It's Out At Last! Truly DETR! An Innovative Paradigm For Object Detection

Object Detection 08/06/2020

3 main points
✔️ Applying the Transformer to object detection
✔️ End-to-end models to reduce manual design
✔️ Redefining object detection as a direct set prediction problem

End-to-End Object Detection with Transformers
written by Nicolas Carion, Francisco Massa, Gabriel Synnaeve, Nicolas Usunier, Alexander Kirillov, Sergey Zagoruyko
(Submitted on 26 May 2020 (v1), last revised 28 May 2020 (this version, v3))
Comments: Published by arXiv
Subjects: Computer Vision and Pattern Recognition (cs.CV)

Code

Introduction

It's no longer a commodity, and models like object detection, Yolo/SSD, etc. used in various scenarios have been quantized and are now running on computers as small as a Raspy.

Here is a new paradigm using the Transformer that has taken language processing by storm.

DETR = DEtection TRansformer

Structurally, it is a CNN body and a Transformer connected to a CNN body.

Structure of DETR from paper Fig. 1

At first glance, it seems to be a simple connection between CNN and a Transformer, but it is an excellent paper with solid experimental comparisons and a lot of discussion. There was a lot of know-how in both the object detection and the transformer, and there was a lot to be gained from this paper.

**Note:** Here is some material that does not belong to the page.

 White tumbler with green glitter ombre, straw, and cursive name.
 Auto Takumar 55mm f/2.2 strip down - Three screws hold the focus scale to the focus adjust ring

In addition, the implementation is now available on github and a trained model is available for you to try out right away. With more than 3.1k stars already (as of June 2020), this newcomer is a hot newcomer.

Let's take a look at that DETR, and the key points worth noting.

Point 1: End-to-End Philosophy

One of the most commonly cited reasons for the growth of Deep learning is the end-to-end learning that automates feature extraction (MatWorks, "Three Things You Need to Know About This").

While this "end-to-end philosophy" has led to major breakthroughs in machine translation and speech recognition, it is significant that it is an effective solution for object detection, where the human design factor still determines performance.